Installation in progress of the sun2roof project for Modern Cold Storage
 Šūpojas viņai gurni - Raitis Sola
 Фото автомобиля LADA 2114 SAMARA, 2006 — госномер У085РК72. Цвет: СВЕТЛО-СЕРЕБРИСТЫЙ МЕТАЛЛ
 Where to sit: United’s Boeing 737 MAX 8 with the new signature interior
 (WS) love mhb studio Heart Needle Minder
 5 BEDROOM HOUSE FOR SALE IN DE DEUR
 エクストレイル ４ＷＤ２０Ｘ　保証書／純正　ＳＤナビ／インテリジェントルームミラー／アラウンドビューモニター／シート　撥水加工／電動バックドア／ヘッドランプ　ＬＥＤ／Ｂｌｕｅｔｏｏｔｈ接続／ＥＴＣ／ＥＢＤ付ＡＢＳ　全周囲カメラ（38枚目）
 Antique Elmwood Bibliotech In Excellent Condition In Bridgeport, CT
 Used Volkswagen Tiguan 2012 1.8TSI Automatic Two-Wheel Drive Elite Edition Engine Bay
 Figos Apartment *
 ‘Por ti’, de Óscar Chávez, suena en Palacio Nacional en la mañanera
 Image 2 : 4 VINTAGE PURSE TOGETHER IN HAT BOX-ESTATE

====================

## PROBLEM
Each line, beginning at the one that contains "Фото автомобиля LADA" and continuing through the end of the records, must be written out exactly, first and last included.

## SOLVED PROBLEM
 Фото автомобиля LADA 2114 SAMARA, 2006 — госномер У085РК72. Цвет: СВЕТЛО-СЕРЕБРИСТЫЙ МЕТАЛЛ
 Where to sit: United’s Boeing 737 MAX 8 with the new signature interior
 (WS) love mhb studio Heart Needle Minder
 5 BEDROOM HOUSE FOR SALE IN DE DEUR
 エクストレイル ４ＷＤ２０Ｘ　保証書／純正　ＳＤナビ／インテリジェントルームミラー／アラウンドビューモニター／シート　撥水加工／電動バックドア／ヘッドランプ　ＬＥＤ／Ｂｌｕｅｔｏｏｔｈ接続／ＥＴＣ／ＥＢＤ付ＡＢＳ　全周囲カメラ（38枚目）
 Antique Elmwood Bibliotech In Excellent Condition In Bridgeport, CT
 Used Volkswagen Tiguan 2012 1.8TSI Automatic Two-Wheel Drive Elite Edition Engine Bay
 Figos Apartment *
 ‘Por ti’, de Óscar Chávez, suena en Palacio Nacional en la mañanera
 Image 2 : 4 VINTAGE PURSE TOGETHER IN HAT BOX-ESTATE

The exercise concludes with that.